I love you, I’m proud of you, and I always will be”  
I began bawling immediately. I was not prepared, and the note crumpled in my hand as I balled my hands into fists and sobbed ridiculously over my plate. I heard the TV turn off and the distant sound of a giant padding his way over to me. My brother wrapped his arms around me gently, and with great effort leant down to rest his head upon mine, rocking me back and forth as was his habit, and my comfort. I felt stupid. I felt like I was five again.

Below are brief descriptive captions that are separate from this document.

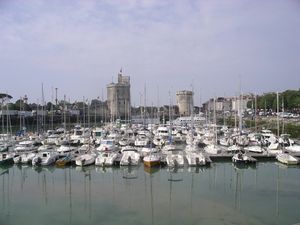 Discution sur l'etoile - Page 2 084-La-Rochelle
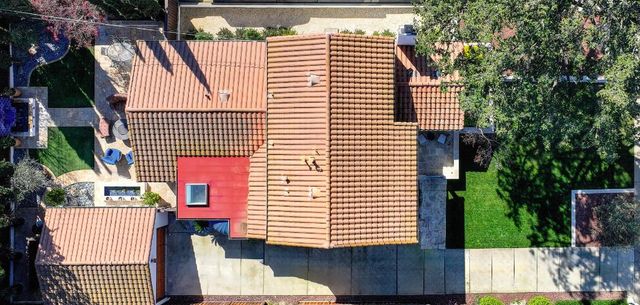 1407 44th St, Sacramento, CA 95819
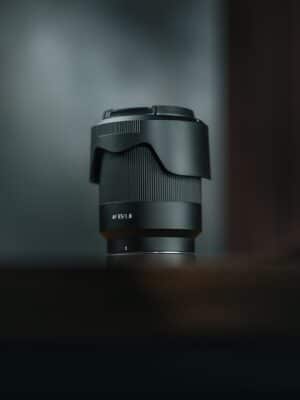 Một trong những điểm đáng chú ý của TTArtisan 85mm f/1.8 Neo là thiết kế vô cùng gọn nhẹ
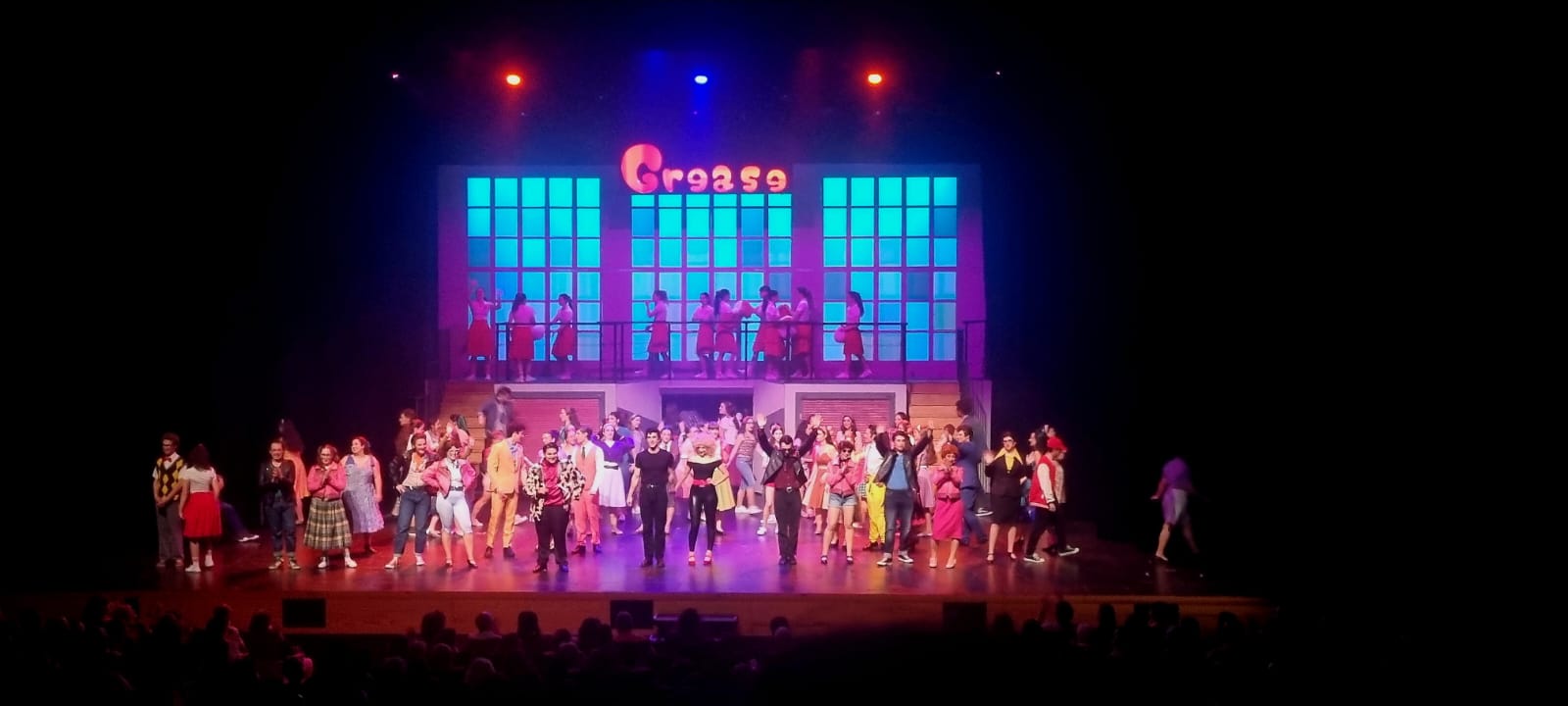 30-05-26 GREASE EL MUSICAL -005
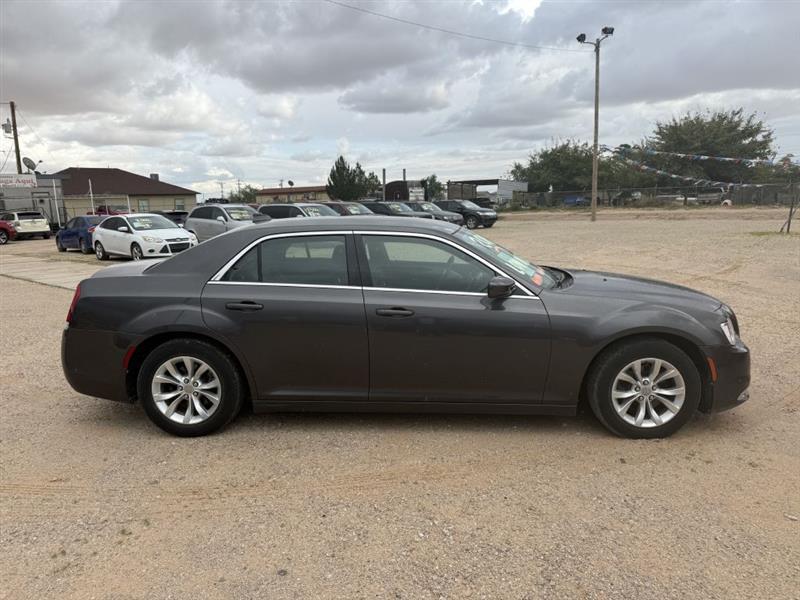 Chrysler 300 Limited RWD 2016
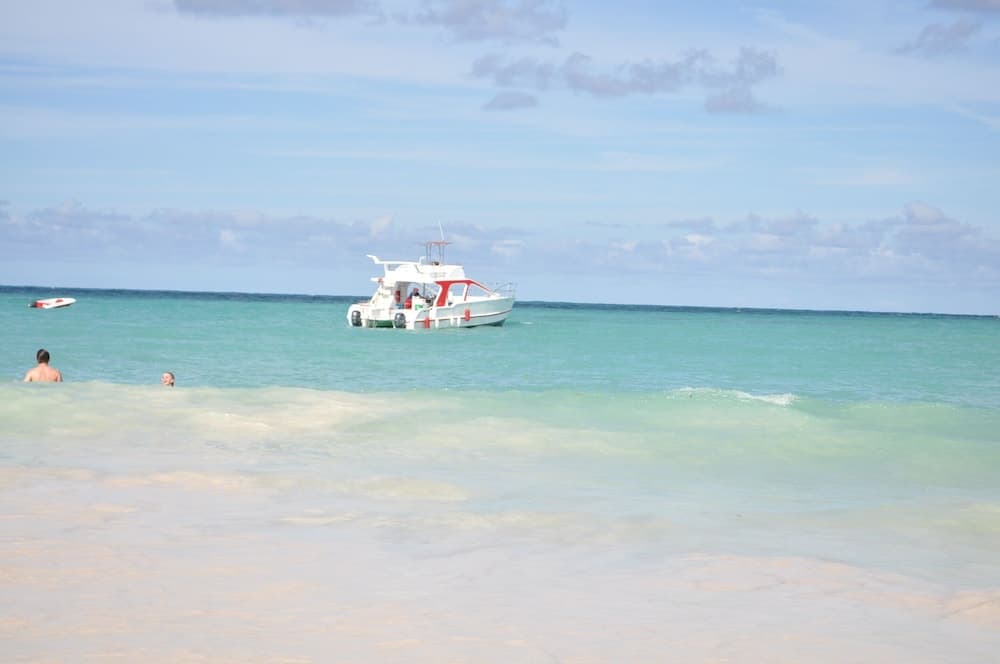 Karimar Beach Condo Hotel — 1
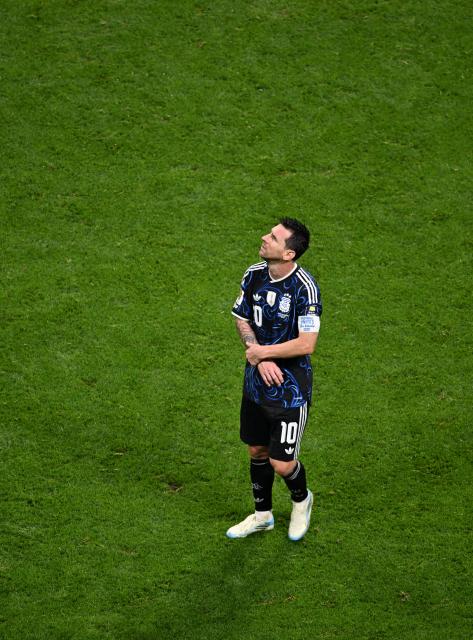 (260716) -- ATLANTA, July 16, 2026 (Xinhua) -- Lionel Messi of Argentina reacts during the semifinal match between Argentina and England at the 2026 FIFA World Cup at Atlanta Stadium in Atlanta, the United States, July 15, 2026. (Xinhua/Xiao Yijiu)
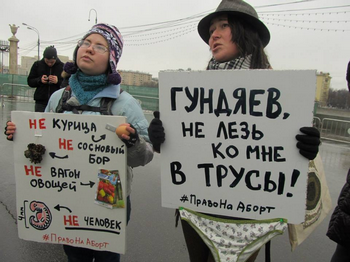 Россияне поддерживают право женщин на аборт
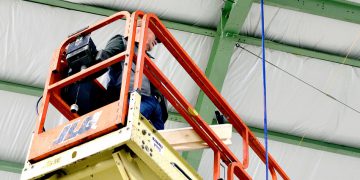 How To Load A Scissor Lift Onto A Trailer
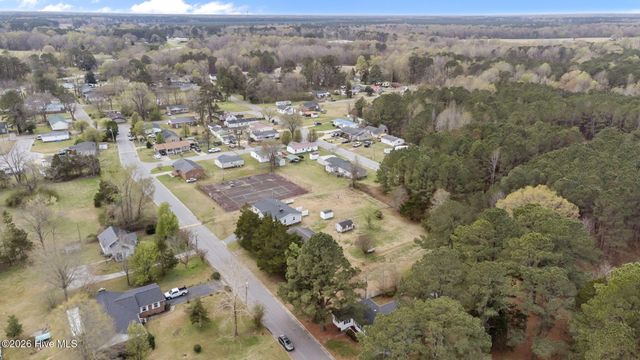 207 S Cherry Lane, Windsor, NC 27983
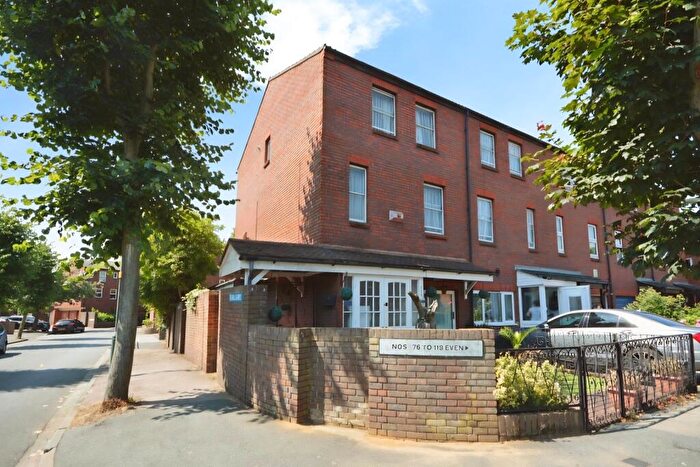 5 Bedroom End Of Terrace House For Sale In Leatherbottle Green, Erith, DA18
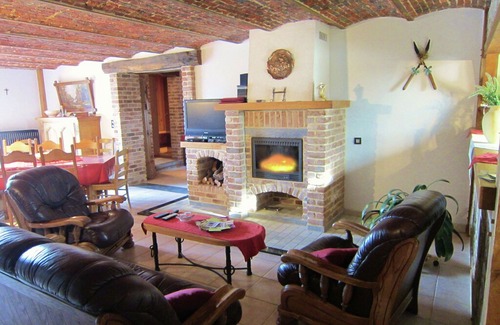 Couvin Casa | Cosy Holiday Home in Cul-des-Sarts with Terrace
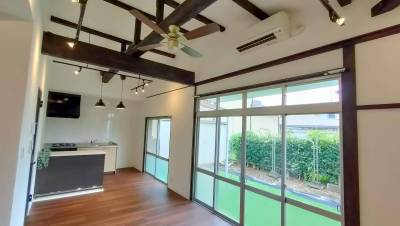 南側の大きい窓からたくさんの光が入ってとても明るいです。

It didn’t help that he began to shush me comfortingly, nor that I was comforted by his infantilising shushing. Maybe I wanted to be five again. Maybe I wanted to be a baby that Asriel could play at parenting and Mum could cook sweet things and Dad could carry on his shoulders again, so sick of all the responsibilities and freedoms that adulthood entailed.  
“Gonna eat your pancakes kiddo? If you don’t I’m gonna devour those morsels.”  
Defiantly, I unwrapped my arms from his and began working away at the soggy sweetness that my plate had become, and chewed purposefully that he might feel it from atop my head. Being an adult meant that my big brother couldn’t steal my breakfast anymore, so at least I had that to comfort me. Asriel chuckled, and I felt the rumble all throughout my body, like a small earthquake localised to his sternum.  
“Have it your way,” He murmured, smiling, unwrapping himself from me, standing to his true height again, and ruffling my carefully combed hair with one massive hand, wiping the tears from my face with the other. When I could muster a smile through a mouthful of mess, he smiled so sincerely it almost made me cry again, then shuffled off to watch TV once more.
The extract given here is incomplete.